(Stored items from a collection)
☆ ☆ ☆ ☆
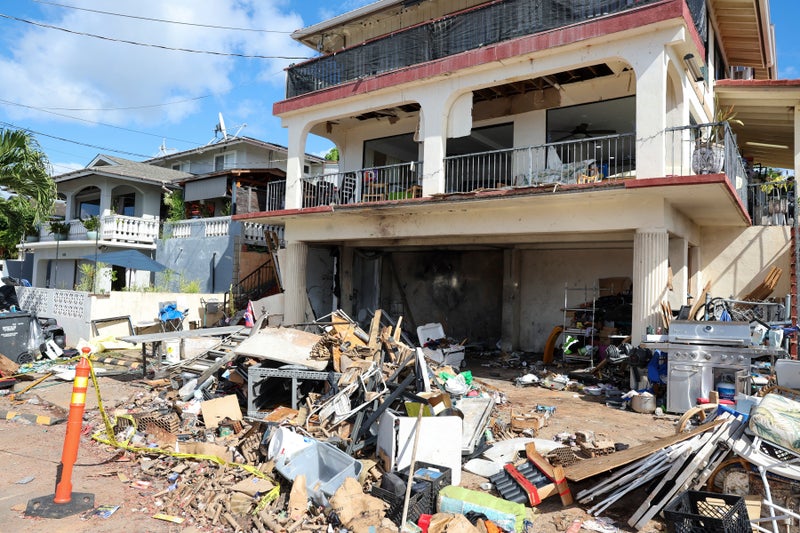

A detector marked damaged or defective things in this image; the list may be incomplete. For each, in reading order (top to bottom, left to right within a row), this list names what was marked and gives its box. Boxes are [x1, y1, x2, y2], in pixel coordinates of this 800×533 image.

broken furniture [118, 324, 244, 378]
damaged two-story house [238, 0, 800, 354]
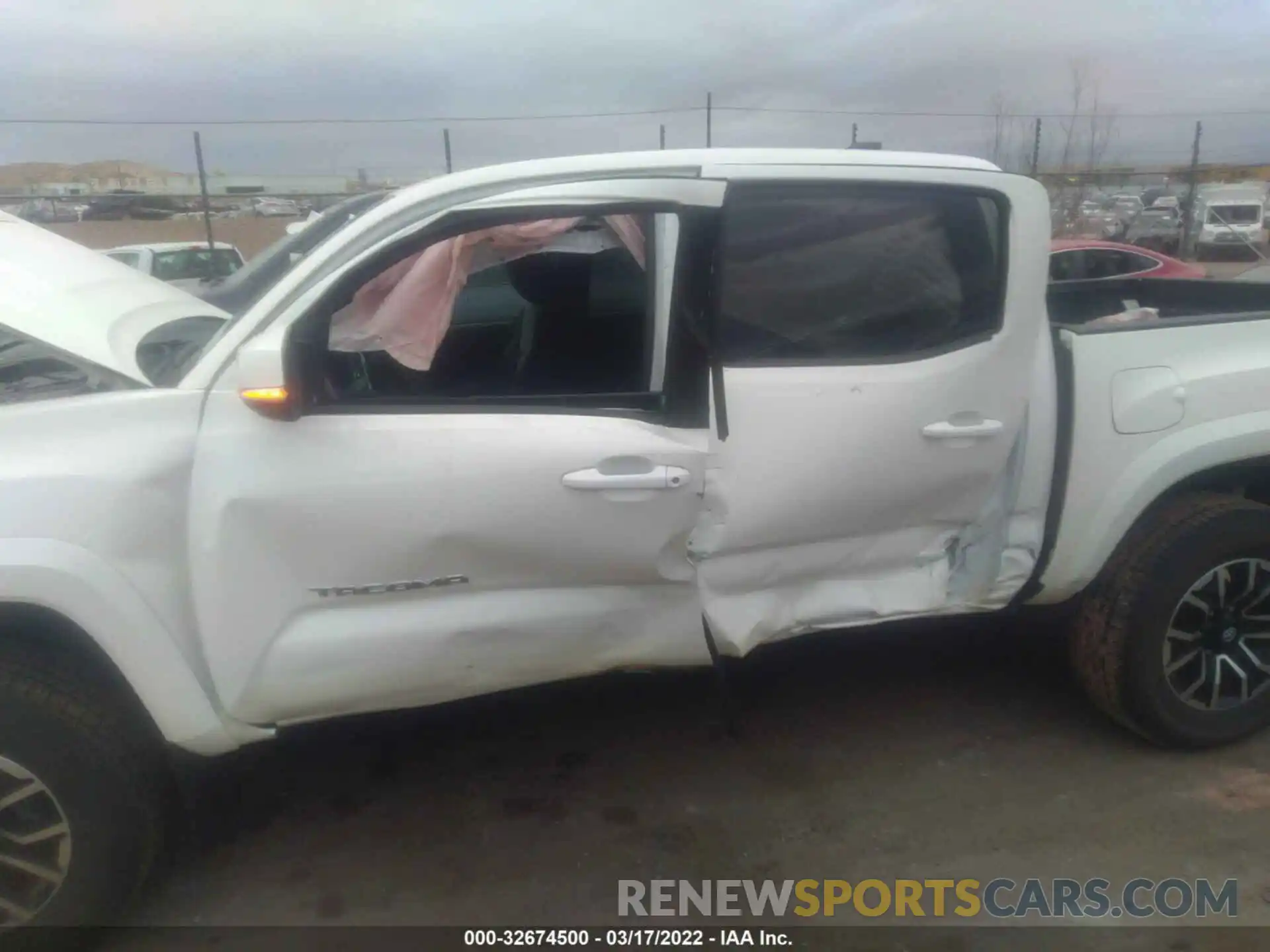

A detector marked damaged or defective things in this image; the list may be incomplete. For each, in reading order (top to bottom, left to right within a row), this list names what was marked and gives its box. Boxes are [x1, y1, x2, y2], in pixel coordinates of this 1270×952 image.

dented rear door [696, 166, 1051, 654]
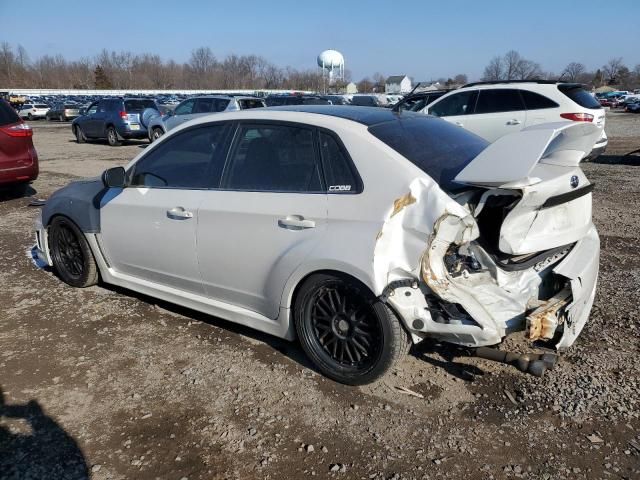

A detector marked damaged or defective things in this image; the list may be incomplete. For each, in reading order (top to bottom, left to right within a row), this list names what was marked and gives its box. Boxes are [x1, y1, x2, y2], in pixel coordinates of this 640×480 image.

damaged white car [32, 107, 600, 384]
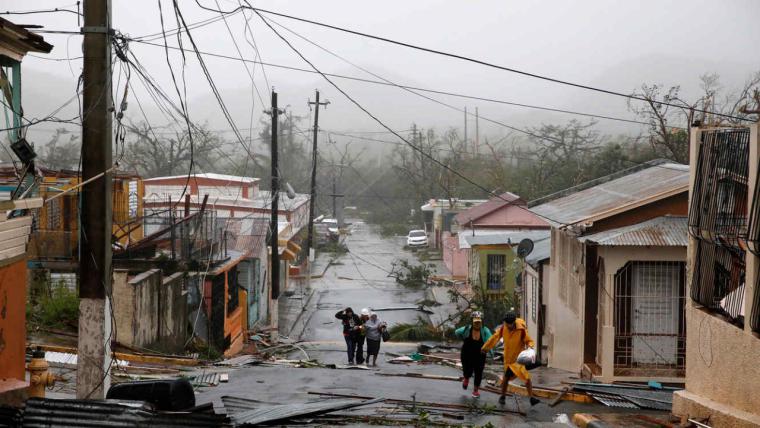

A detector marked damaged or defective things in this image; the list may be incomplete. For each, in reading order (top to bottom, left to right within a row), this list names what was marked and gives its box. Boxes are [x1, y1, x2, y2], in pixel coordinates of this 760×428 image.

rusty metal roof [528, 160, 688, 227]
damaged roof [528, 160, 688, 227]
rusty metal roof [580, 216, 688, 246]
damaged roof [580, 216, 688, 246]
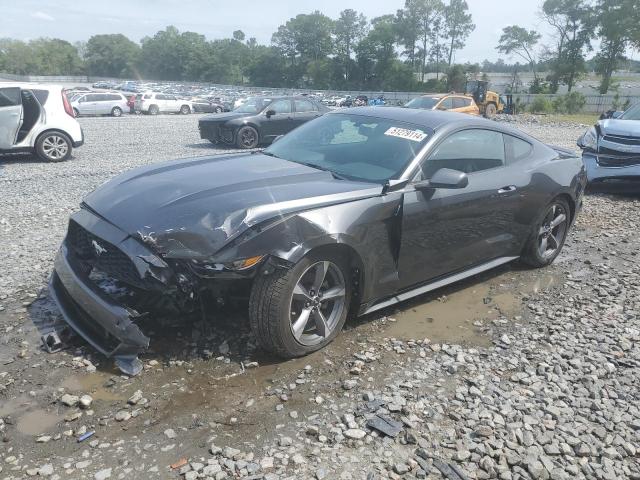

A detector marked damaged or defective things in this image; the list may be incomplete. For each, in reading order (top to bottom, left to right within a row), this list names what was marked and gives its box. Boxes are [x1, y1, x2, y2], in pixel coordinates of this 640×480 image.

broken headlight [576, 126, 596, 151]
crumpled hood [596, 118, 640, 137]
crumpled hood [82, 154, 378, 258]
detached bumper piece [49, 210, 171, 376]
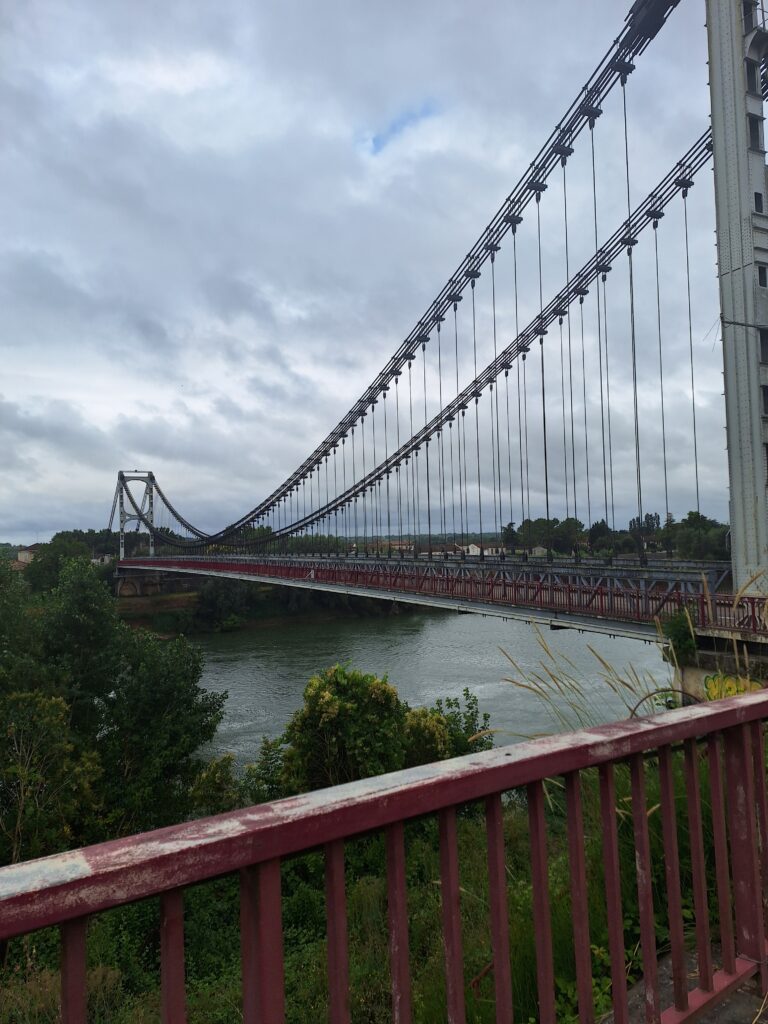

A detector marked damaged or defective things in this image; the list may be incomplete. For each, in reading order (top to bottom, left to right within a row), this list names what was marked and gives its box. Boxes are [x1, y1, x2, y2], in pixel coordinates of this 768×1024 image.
☆ ☆ ☆ ☆
-- Work request --
An exact copy of the lines from the one with "this 760×428 image." through the last line of the records, inclusive, is required, with all pictures left out.

-- Answer box --
A detector marked damaged or defective things in this image; the list may be incomplete. For each, in reading order (top to bottom, left to right within a row), this list names what was marked and gives its box. Boxes are [x1, y1, x2, y2], in pixel coordinates of this 760×428 image.

rusty metal roof [528, 160, 688, 227]
damaged roof [528, 160, 688, 227]
rusty metal roof [580, 216, 688, 246]
damaged roof [580, 216, 688, 246]

A detector marked damaged or defective things in this image; the list may be incomplete. For each, in reading order (top to bottom, left to right within a row), this list names what was marked and gives its box. Boxes are [x1, y1, x2, y2], in pixel coordinates of this 640×480 image.

broken headlight [576, 126, 596, 151]
crumpled hood [596, 118, 640, 137]
crumpled hood [82, 154, 378, 258]
detached bumper piece [49, 210, 171, 376]

A detector marked damaged or defective things in this image; the list may be incomplete. For each, in reading order (top to bottom, left to right within a row), this list names what was marked and gives its box. Boxes are [x1, y1, x2, y2], in pixel coordinates of this 768×1024 image.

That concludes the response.